セブン銀行は、ATMを通じてNFT(非代替性トークン)を配布するデジタルラリー企画を展開しています。2025年10月1日、公式STORYにて「ATMと駅をNFTでつなぐ」プロモーションの事例が紹介されました。本企画は東急電鉄との連携によるもので、沿線の駅や商業施設をめぐりながらNFTスタンプを集める「デジタルスタンプラリー」として実施されています。

対象のセブン銀行ATMで交通系電子マネーをチャージすると、画面または利用明細票に表示されるQRコードを読み取ってNFTスタンプを取得できます。スタンプを3種類すべて集めた参加者には、3D車両NFTや東急線ワンデーパスクーポン、セブンプレミアム商品のデジタルギフトなどが進呈されます。デジタル体験を通じて「お出かけのきっかけづくり」を促進することが狙いです。

ATMを生活のハブに 「+Connect」構想の一環

このNFTラリーは、セブン銀行が掲げる「+Connect(プラスコネクト)」構想の延長線上に位置づけられています。
同社は、ATMを単なる現金取引の装置ではなく、「行政手続き」「本人認証」「サービス案内」など、生活のあらゆる接点を担うプラットフォームへと進化させることを目指しています。

「ATMが、あらゆる手続きや認証の窓口になる世界をつくる」というビジョンのもと、さまざまな企業・自治体との連携を強化。今回のデジタルラリーもその一環として、リアルとデジタルをつなぐ新しい利用体験の実現を図っています。

企業向け「NFT配布サービス」で広がる活用の場

セブン銀行は、法人向けに「NFT配布サービス」も提供しています。企業が自社プロモーションやキャンペーンでNFTを配布できるよう、ATMをマーケティングチャネルとして活用する仕組みです。ATM画面や利用明細票にQRコードを表示し、来店者がNFTを受け取れる形式で、ブランド体験の強化や購買促進に役立てることができます。

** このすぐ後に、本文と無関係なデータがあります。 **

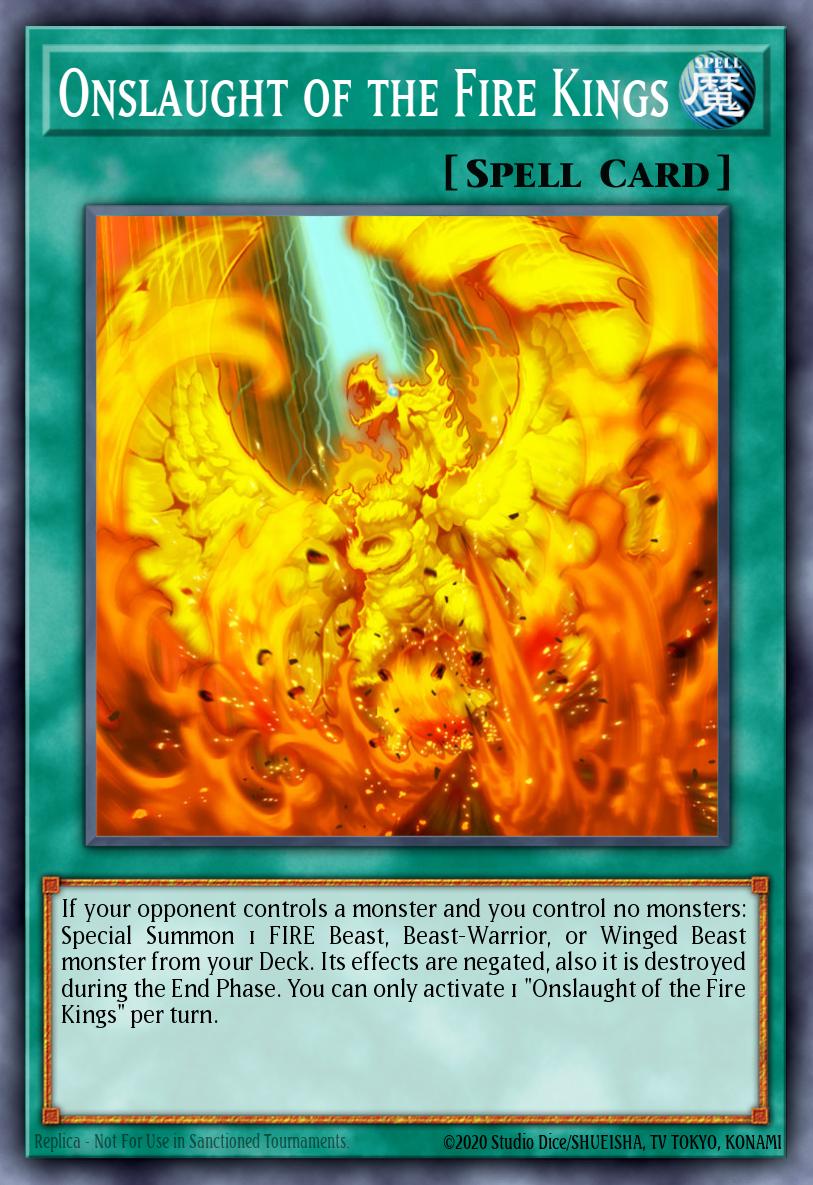Onslaught of the Fire Kings - HISU-EN055 Super Rare | Yu-Gi-Oh! Card Brickheads Collectables Onslaught of the Fire Kings - HISU-EN055 Super Rare | Yu-Gi-Oh! Card Brickheads Collectables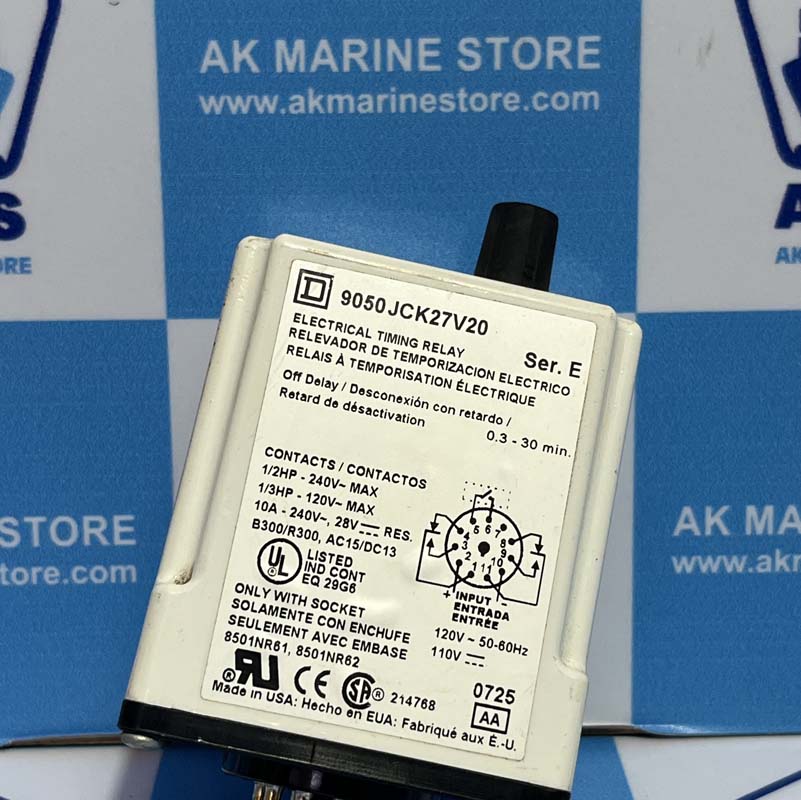 SQUARE D 9050JCK27V20 TIME DELAY RELAY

この仕組みはすでに公式サイトでも紹介されており、「ATMを活用した新しいマーケティング手法」として注目を集めています。ATMという生活インフラを企業の顧客接点に変える点で、セブン銀行ならではの強みを生かしたDX施策といえます。

過去のNFT募金キャンペーンも好評

NFTを活用した取り組みは今回が初めてではありません。セブン銀行は過去に「NFT募金キャンペーン」を実施し、ATMで寄付を行った人にアートNFTを配布する試みを行っています。統合報告書によると、このキャンペーンでは寄付件数・金額ともに増加傾向を示し、社会貢献とデジタル体験を両立する新たな事例として評価されています。これらの取り組みは、金融とデジタル技術を掛け合わせる「社会参加型DX」の実践として位置づけられ、同社が目指す“体験を提供する銀行”の方向性を具体化するものです。

DX視点で見る「ATMの再定義」

今回のNFTラリーや配布サービスは、金融業界におけるATMの役割を再定義する動きといえます。ATMはこれまで「現金を扱うための装置」でしたが、セブン銀行はこれを「人と情報をつなぐデジタルハブ」へと進化させようとしています。NFTを活用することで、来店者にデジタル特典や体験を提供し、リアル行動を促す新しいマーケティングの形が生まれつつあります。金融インフラをベースにしたこのDXの取り組みは、企業や自治体との連携拡大にもつながり、ATMを“情報の入り口”へと変えていく可能性を秘めています。

今後、セブン銀行がこの仕組みを全国のATMにどこまで広げ、顧客体験の向上と社会連携を両立していくのかが注目されます。金融サービスの枠を超えた“体験型プラットフォーム”としてのATMの進化は、DXの新たな象徴になるかもしれません。